■ Instructions for the task ■
Your response should consist of the entries below, reproduced exactly and without their images.
[Start of Attachment]
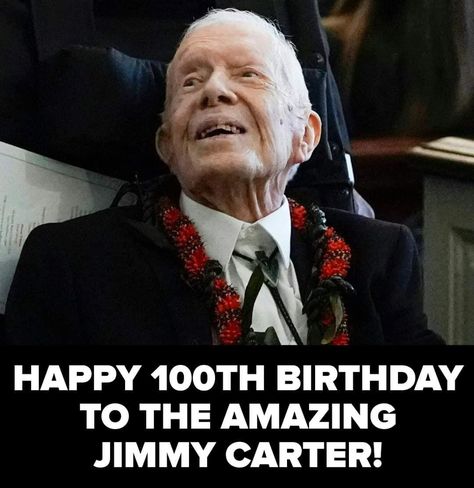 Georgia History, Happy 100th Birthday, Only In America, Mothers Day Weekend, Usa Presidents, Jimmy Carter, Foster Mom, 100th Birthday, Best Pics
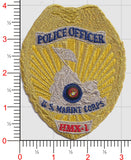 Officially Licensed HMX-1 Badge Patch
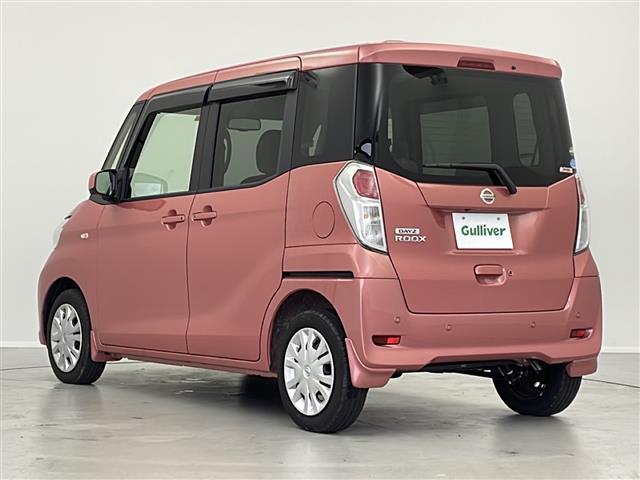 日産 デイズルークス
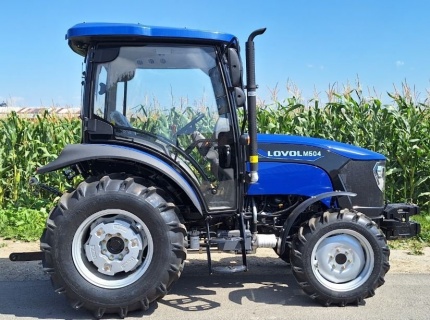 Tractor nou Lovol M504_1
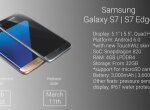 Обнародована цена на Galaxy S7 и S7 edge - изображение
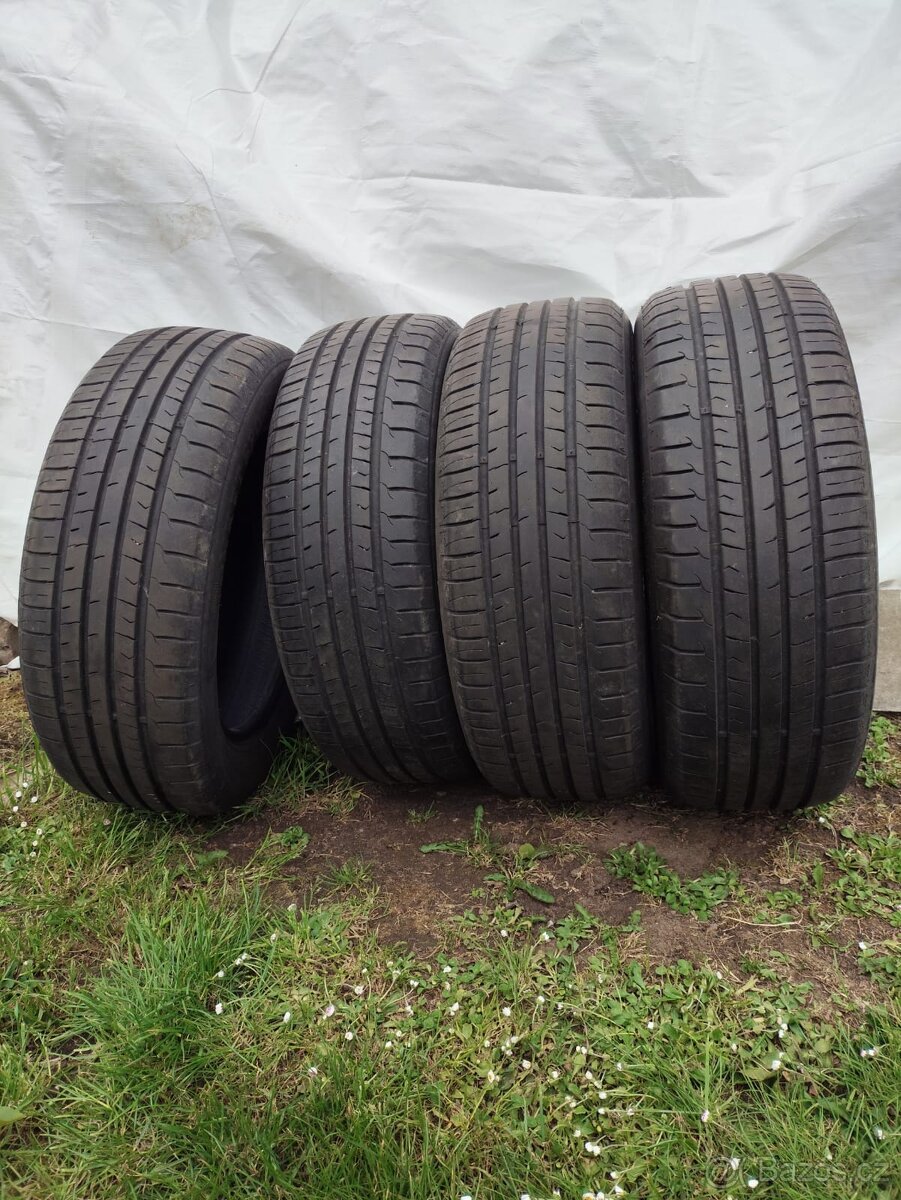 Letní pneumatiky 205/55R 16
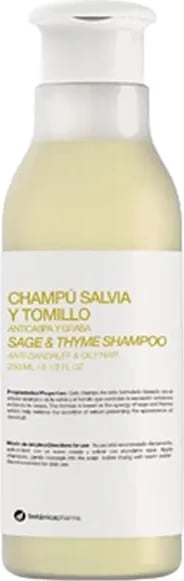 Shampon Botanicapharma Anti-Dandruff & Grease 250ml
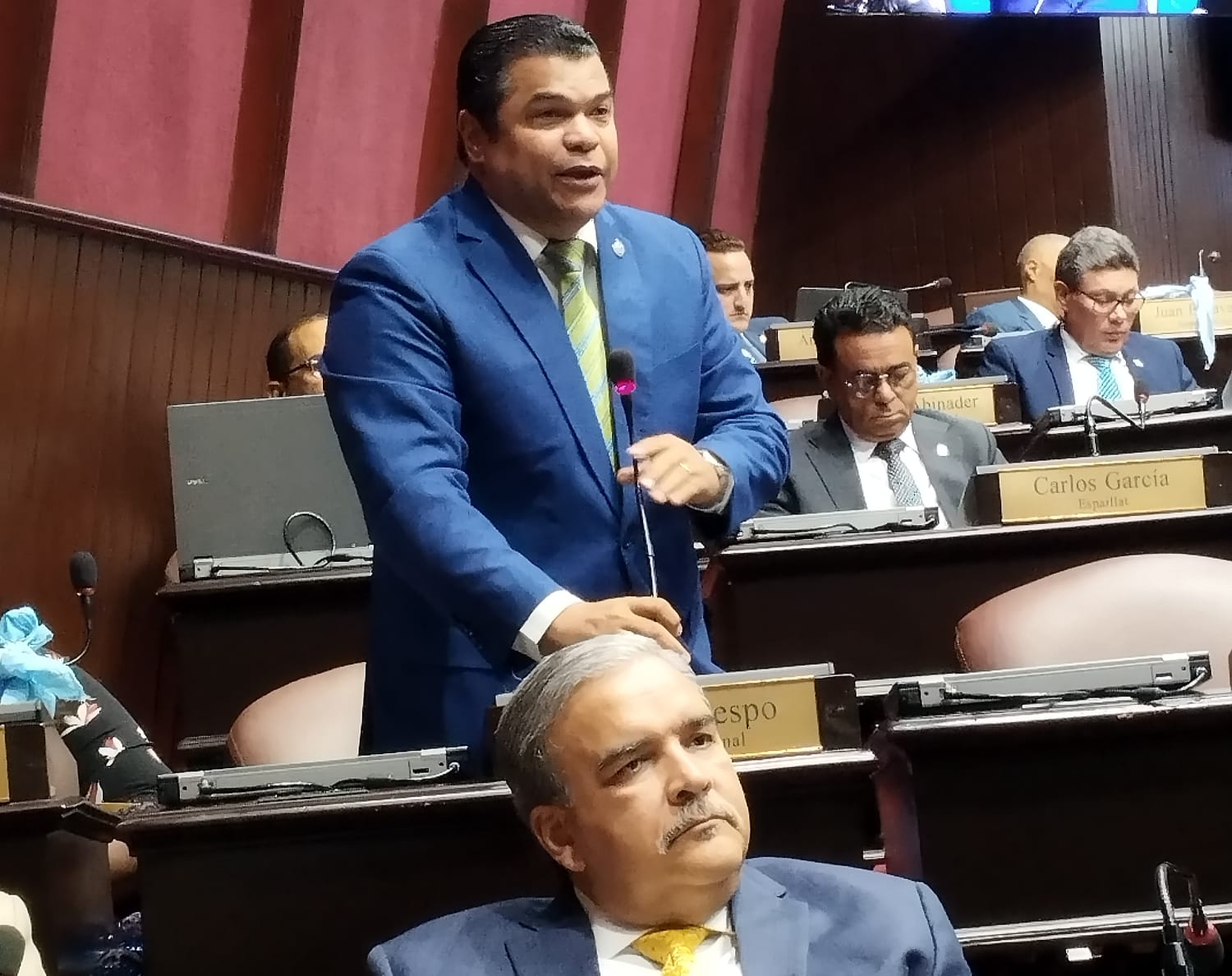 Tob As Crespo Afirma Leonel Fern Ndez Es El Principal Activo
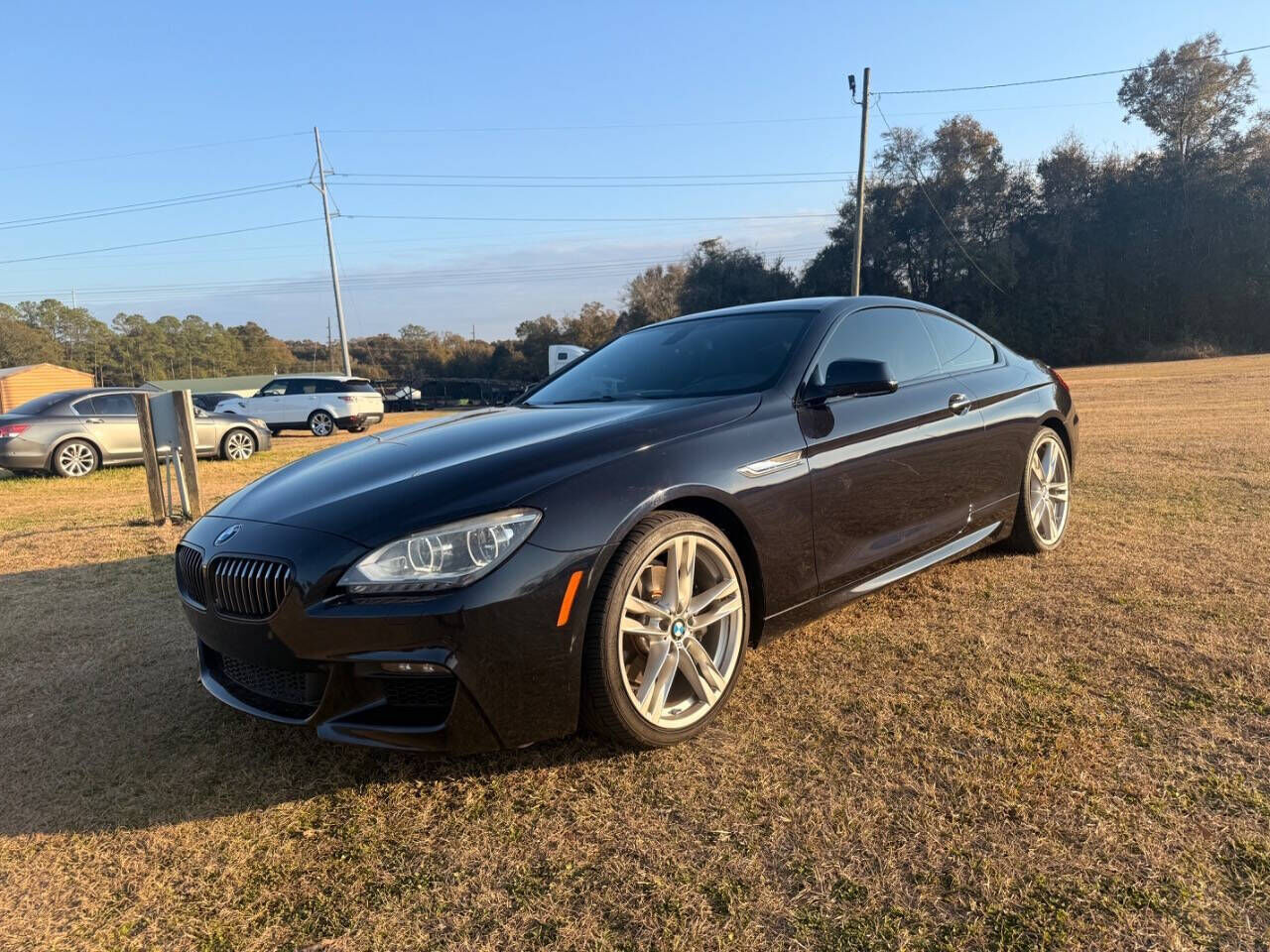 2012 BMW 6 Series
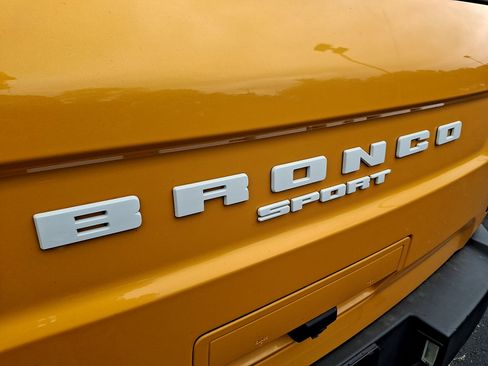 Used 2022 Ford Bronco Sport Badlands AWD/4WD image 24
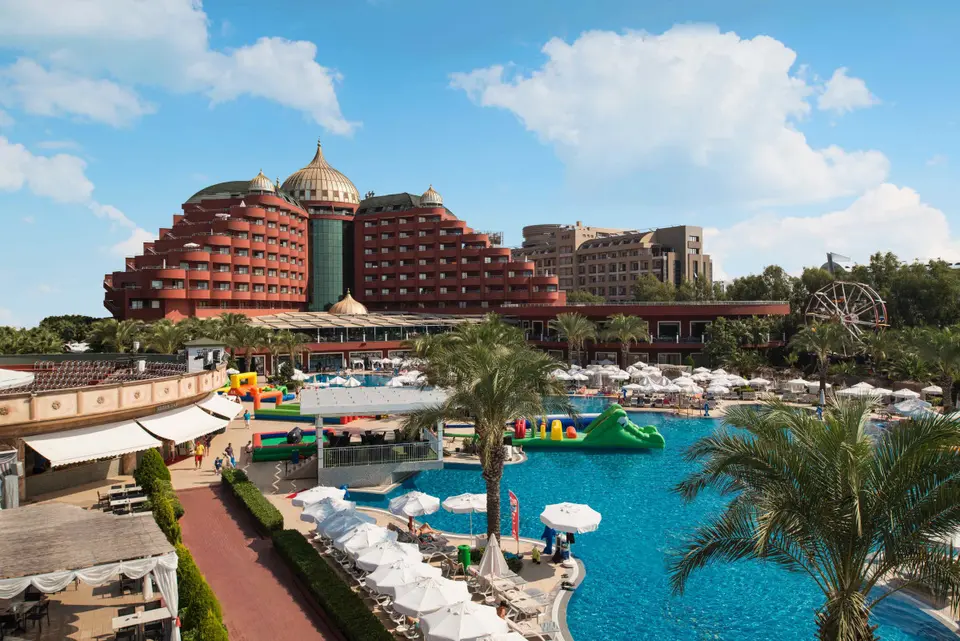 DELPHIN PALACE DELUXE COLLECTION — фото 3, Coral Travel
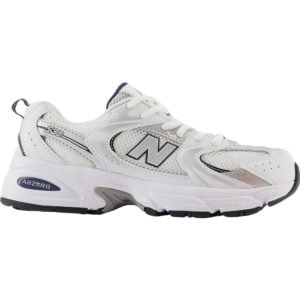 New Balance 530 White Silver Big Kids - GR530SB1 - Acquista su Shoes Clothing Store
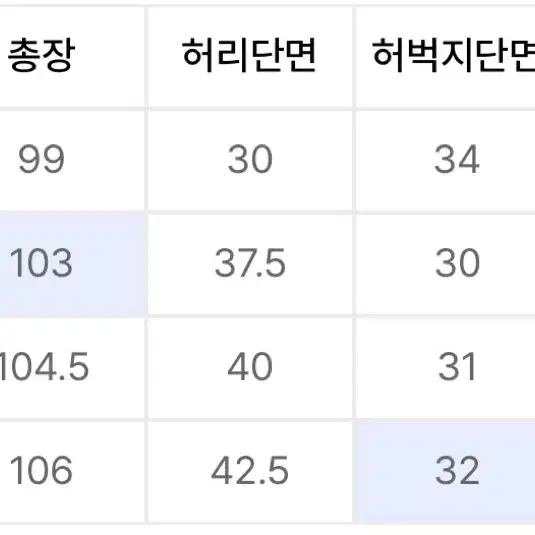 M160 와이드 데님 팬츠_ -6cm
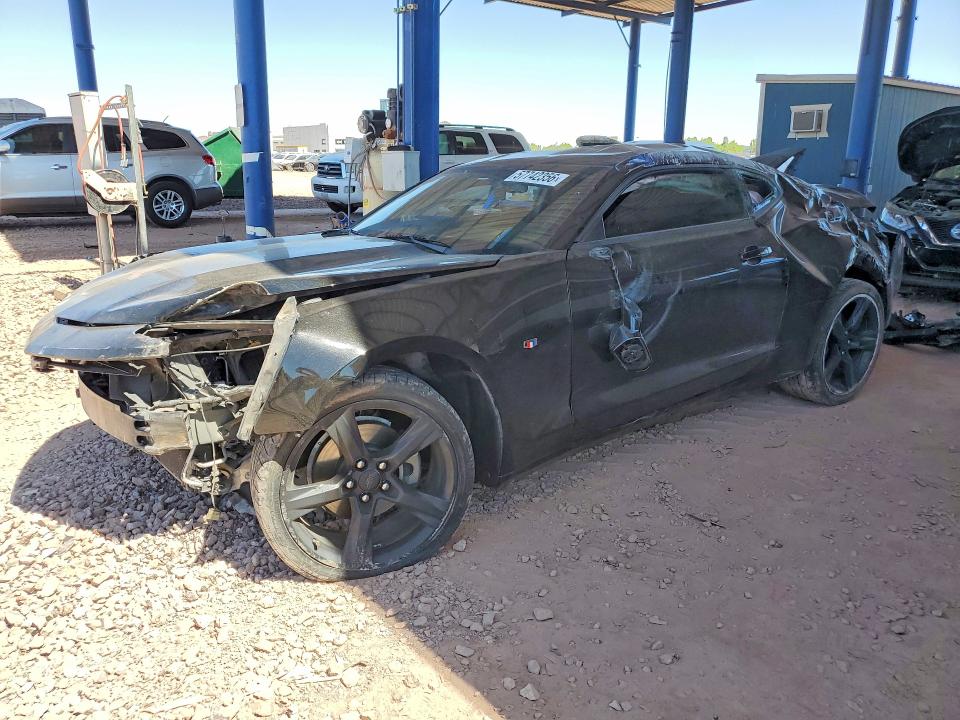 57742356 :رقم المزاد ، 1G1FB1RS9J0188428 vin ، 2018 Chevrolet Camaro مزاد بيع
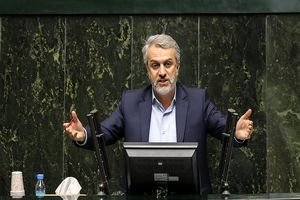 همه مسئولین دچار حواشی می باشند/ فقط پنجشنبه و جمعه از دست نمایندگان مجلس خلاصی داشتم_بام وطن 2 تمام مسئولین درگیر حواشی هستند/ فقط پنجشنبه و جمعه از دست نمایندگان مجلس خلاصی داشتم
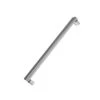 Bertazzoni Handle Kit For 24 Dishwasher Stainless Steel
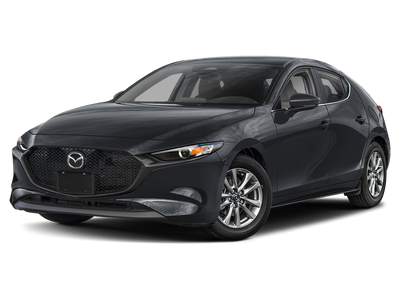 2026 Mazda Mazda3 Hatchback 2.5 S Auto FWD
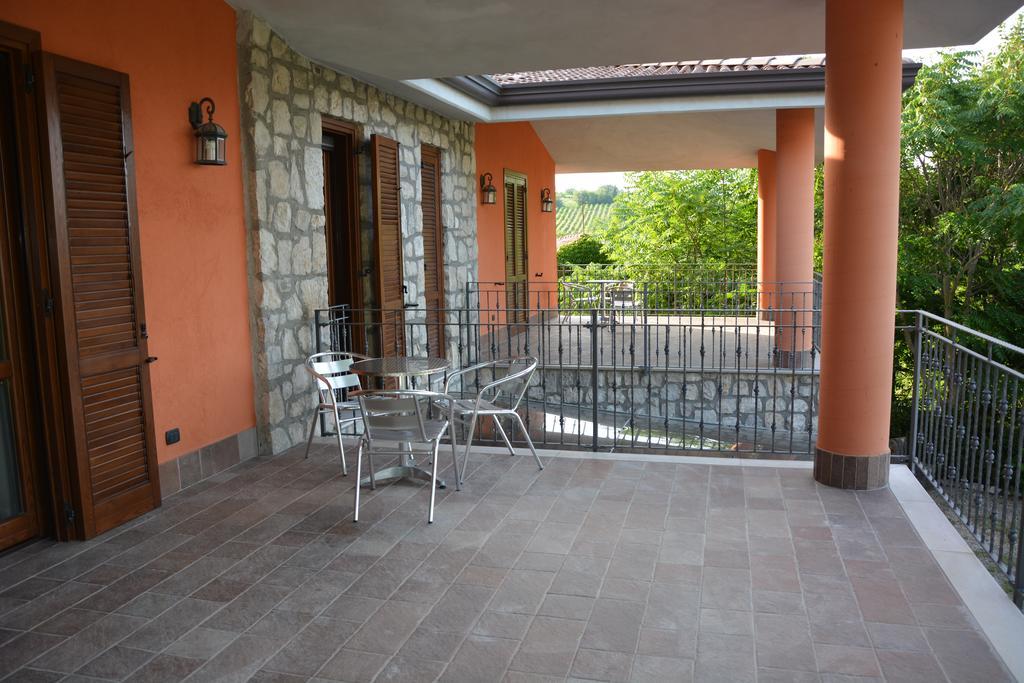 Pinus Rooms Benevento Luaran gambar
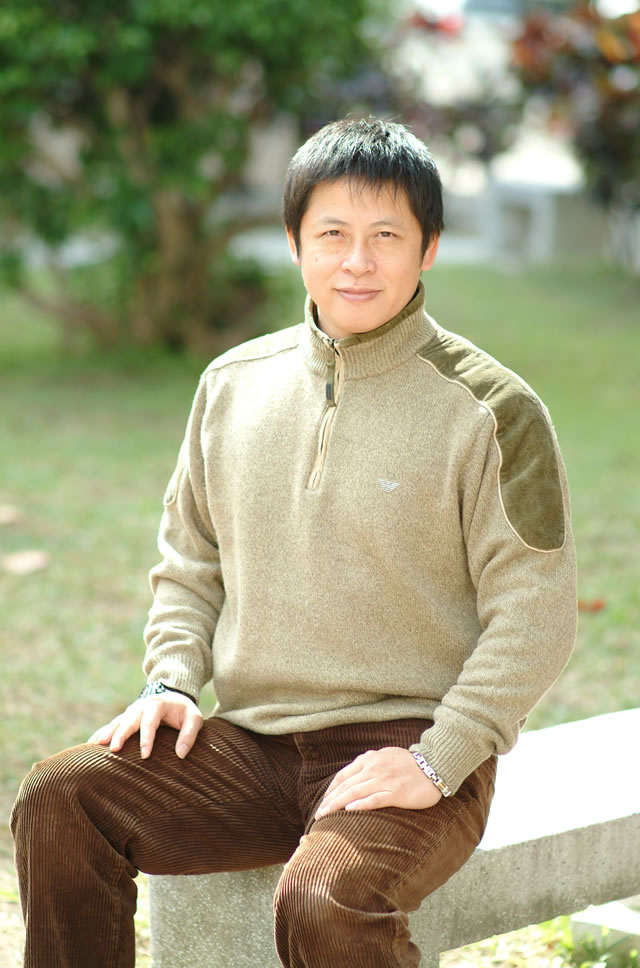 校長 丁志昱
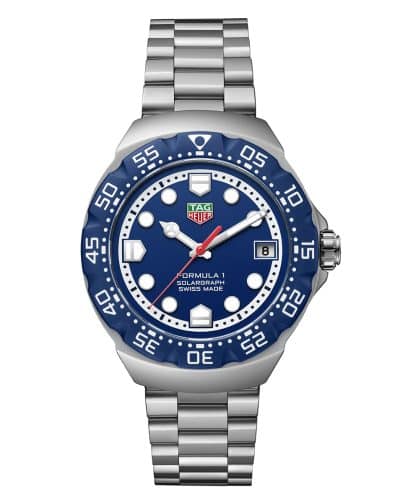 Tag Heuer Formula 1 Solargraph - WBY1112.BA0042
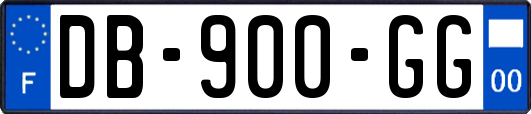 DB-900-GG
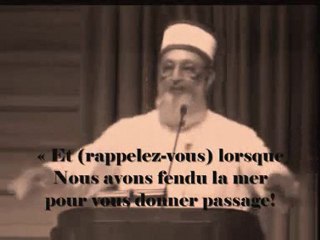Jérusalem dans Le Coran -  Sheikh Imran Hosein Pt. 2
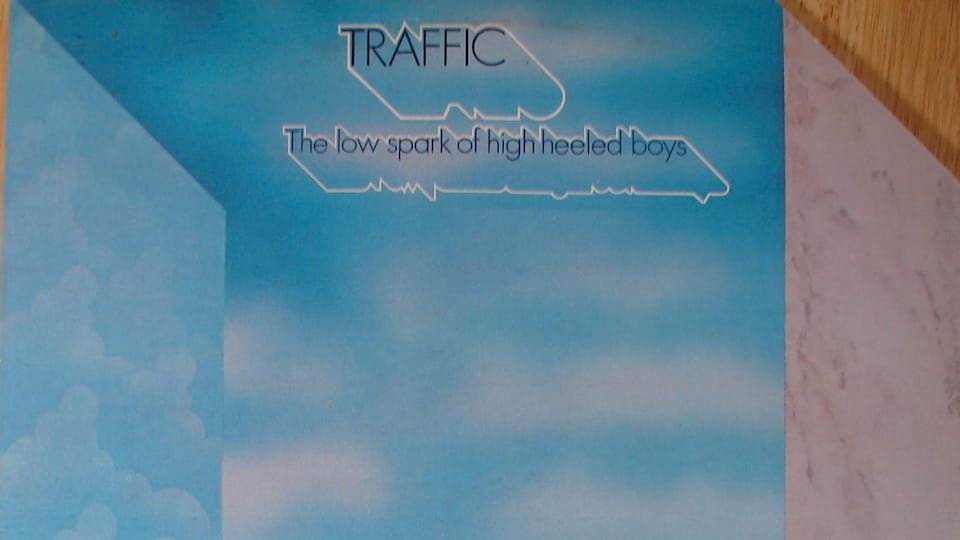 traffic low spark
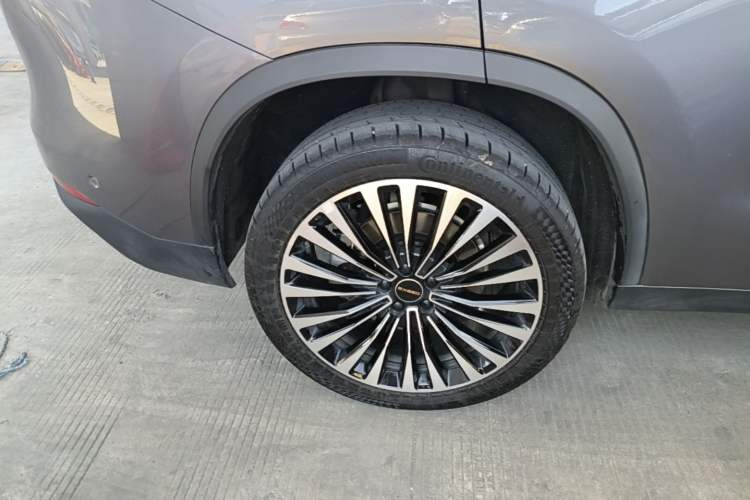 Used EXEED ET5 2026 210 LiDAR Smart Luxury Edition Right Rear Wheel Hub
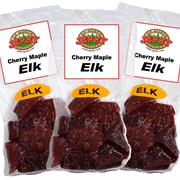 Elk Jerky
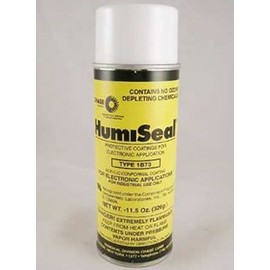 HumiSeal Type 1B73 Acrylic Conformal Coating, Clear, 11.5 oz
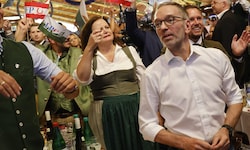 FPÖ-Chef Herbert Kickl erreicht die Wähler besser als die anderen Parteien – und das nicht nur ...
[End of Attachment]
■ The answer ■
 Georgia History, Happy 100th Birthday, Only In America, Mothers Day Weekend, Usa Presidents, Jimmy Carter, Foster Mom, 100th Birthday, Best Pics
 Officially Licensed HMX-1 Badge Patch
 日産 デイズルークス
 Tractor nou Lovol M504_1
 Обнародована цена на Galaxy S7 и S7 edge - изображение
 Letní pneumatiky 205/55R 16
 Shampon Botanicapharma Anti-Dandruff & Grease 250ml
 Tob As Crespo Afirma Leonel Fern Ndez Es El Principal Activo
 2012 BMW 6 Series
 Used 2022 Ford Bronco Sport Badlands AWD/4WD image 24
 DELPHIN PALACE DELUXE COLLECTION — фото 3, Coral Travel
 New Balance 530 White Silver Big Kids - GR530SB1 - Acquista su Shoes Clothing Store
 M160 와이드 데님 팬츠_ -6cm
 57742356 :رقم المزاد ، 1G1FB1RS9J0188428 vin ، 2018 Chevrolet Camaro مزاد بيع
 همه مسئولین دچار حواشی می باشند/ فقط پنجشنبه و جمعه از دست نمایندگان مجلس خلاصی داشتم_بام وطن 2 تمام مسئولین درگیر حواشی هستند/ فقط پنجشنبه و جمعه از دست نمایندگان مجلس خلاصی داشتم
 Bertazzoni Handle Kit For 24 Dishwasher Stainless Steel
 2026 Mazda Mazda3 Hatchback 2.5 S Auto FWD
 Pinus Rooms Benevento Luaran gambar
 校長 丁志昱
 Tag Heuer Formula 1 Solargraph - WBY1112.BA0042
 DB-900-GG
Jérusalem dans Le Coran -  Sheikh Imran Hosein Pt. 2
 traffic low spark
 Used EXEED ET5 2026 210 LiDAR Smart Luxury Edition Right Rear Wheel Hub
 Elk Jerky
 HumiSeal Type 1B73 Acrylic Conformal Coating, Clear, 11.5 oz
 FPÖ-Chef Herbert Kickl erreicht die Wähler besser als die anderen Parteien – und das nicht nur ...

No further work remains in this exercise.